Introduction to Parallel Programing
This post focuses on parallel computing on the GPU. Parallel computing is a way of solving large problems by breaking them into smaller pieces and run these smaller pieces at the same time.
Main reasons of technical trends in the parallel computing on the GPU
Modern processors are made from transistors. And each year, those transistors get smaller and smaller. The feature size is the minimum size of a transistor on a chip. As the feature size decreases, transistors get smaller, run faster, use less power, and put more of them on a chip. And the consequence is that ,more and more resources for computation every single year. One of the primary features of processors is clock speed . Over many years, the clock speeds continue to go up. However, over the last decade, that have essentially remained constant. Even though transistors are continuing to get smaller and faster and consume less energy per transistor, Running a billion transistors generates a high amount of heat . since we can’t keep all these processors cool, Power has emerged as a primary driving factor.

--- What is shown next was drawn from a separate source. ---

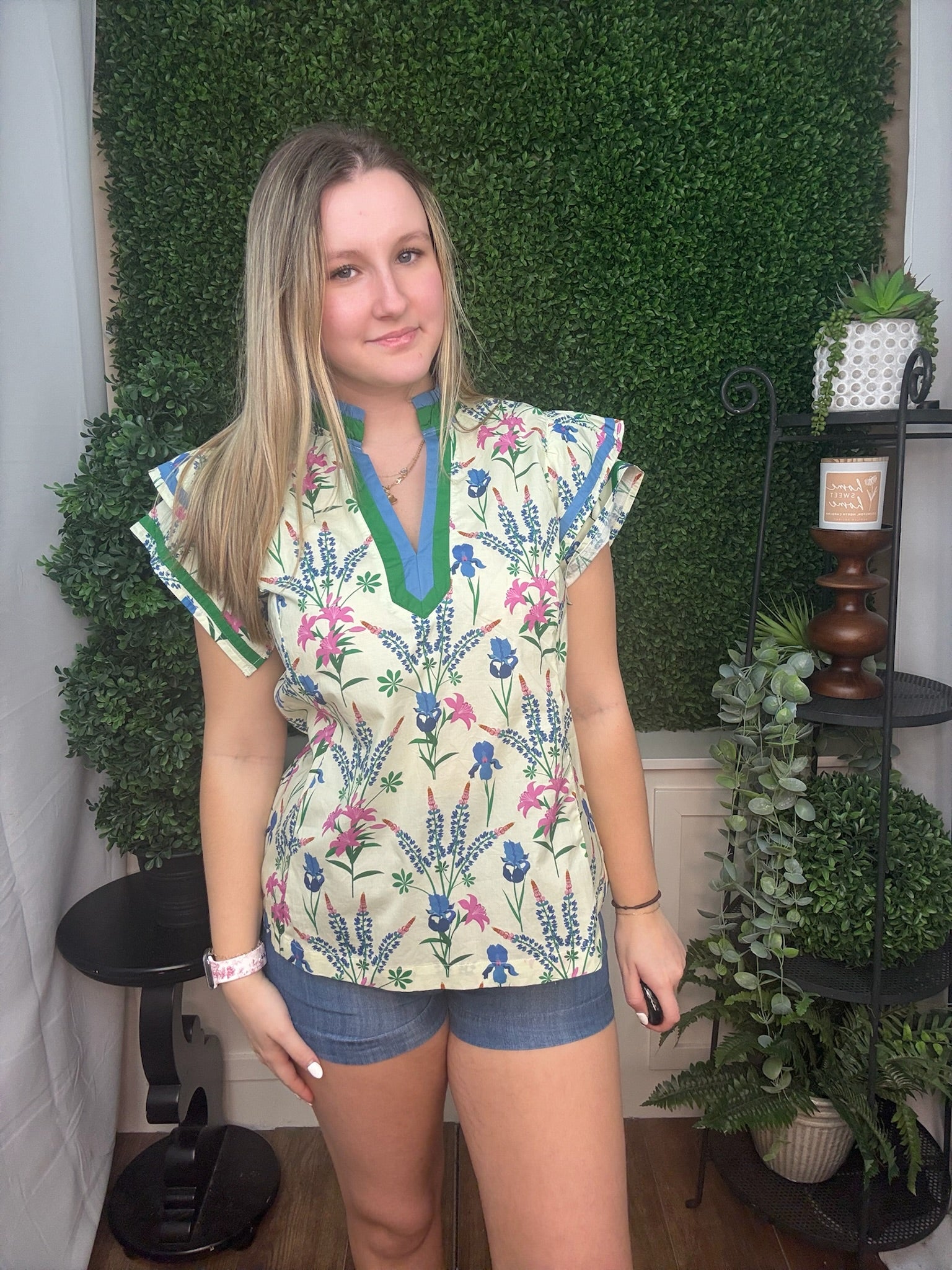 Botanical V-Neck Trim Blouse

Traditional CPUs has very complicated control hardware. This allows flexibility in performance, but as control hardware gets more complicated, it becomes more expensive in terms of power and design complexity. So might choose to build simpler control structures. And the way is that going to build that data path in the GPU is by building a large number of parallel compute units. Individually, those compute units are small, simple and power efficient. So put a very large number of them on a single chip. More generally program them in such a way that they can all work together to solve complex problems. A high-end GPU contains over 3,000 arithmetic units, ALUs, that can simultaneously run 3,000 arithmetic operations. GPUs can have tens of thousands of parallel pieces which are active at the same time. each of those pieces of work a thread, and a modern GPU may be running up to 65,000 concurrent threads. Together, all this computing power has the potential to solve the problems faster.

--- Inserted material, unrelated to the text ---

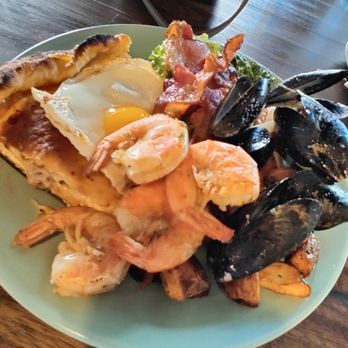 Charlys Waterfront - Burgers Near Me - Essex, Maryland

To build a power efficient processor, the choice is minimising latency. Latency is the amount of time to complete a task. The other choice is throughput. Throughput is tasks completed per unit time. Regulating throughput is the right approach, because Latency Lags Bandwidth
CUDA(Computer Unified Device Architecture)
CUDA is a parallel programming platform. The programming model implemented by the GPU is created by NVIDIA. CUDA gives developers to access the virtual instruction set memory of the parallel computational elements in CUDA GPUs. Unlike CPUs, GPU has a parallel throughput architecture that emphasizes executing many concurrent threads slowly, rather than executing a single thread very quickly. This approach for solving general purpose problems on GPU is known as GPGPU.

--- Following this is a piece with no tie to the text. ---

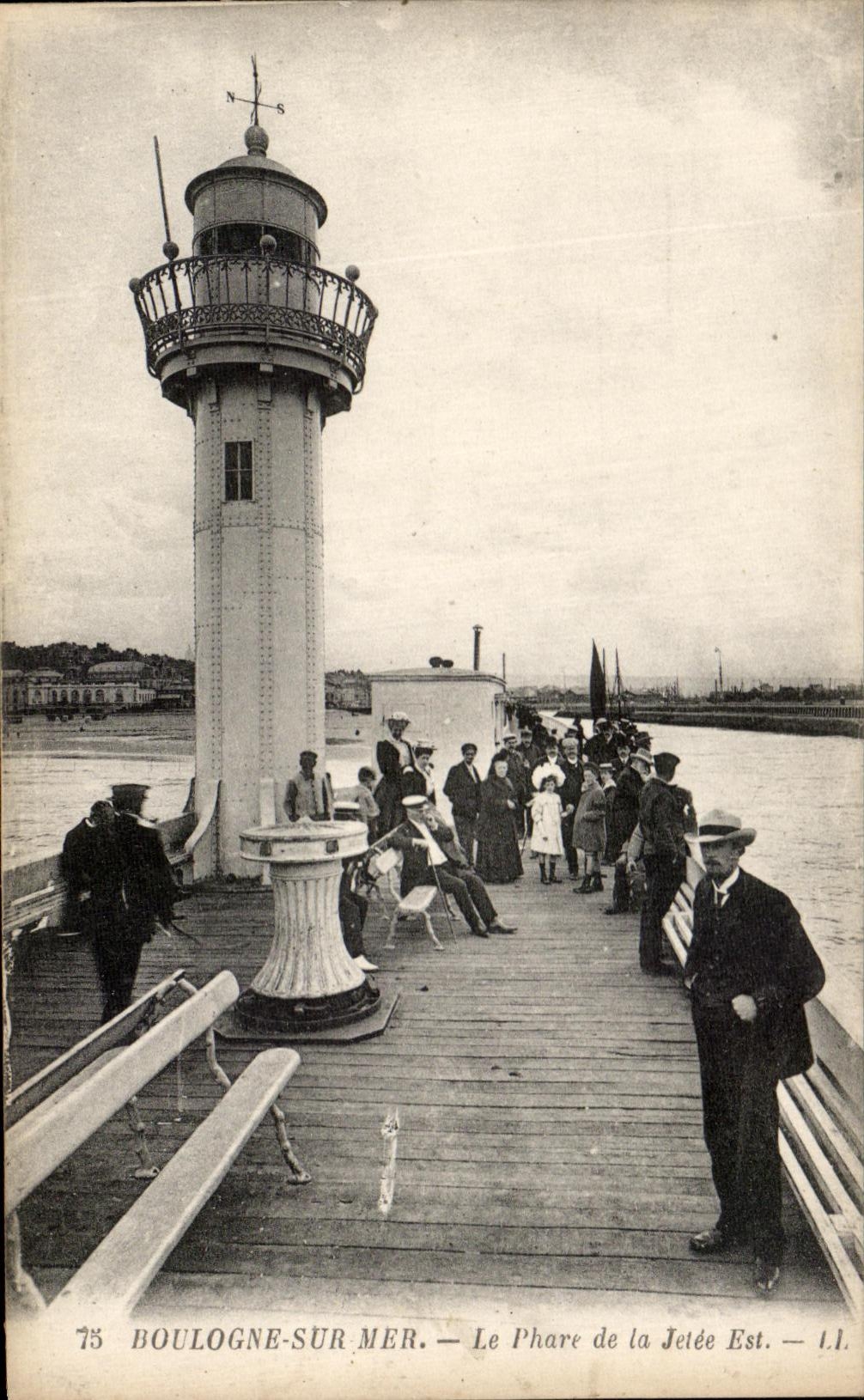 Boulogne-sur-Mer — Le Phare de la Jetée Est — L.I. — n°75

The CUDA programming model allows us to program both CPU and GPU with one program so that the power of the GPU in programs. At First, the CPU allocates storage space on the GPU. Then, the CPU copies some input data from the CPU to the GPU.and the Next step is, CPU calls some kernels watching these kernels on the GPU that process this data. And finally, the CPU copies the results back to the CPU from the GPU.
This blog is my short notes as part of the course now I am doing in the Udacity Intro to Parallel Programming.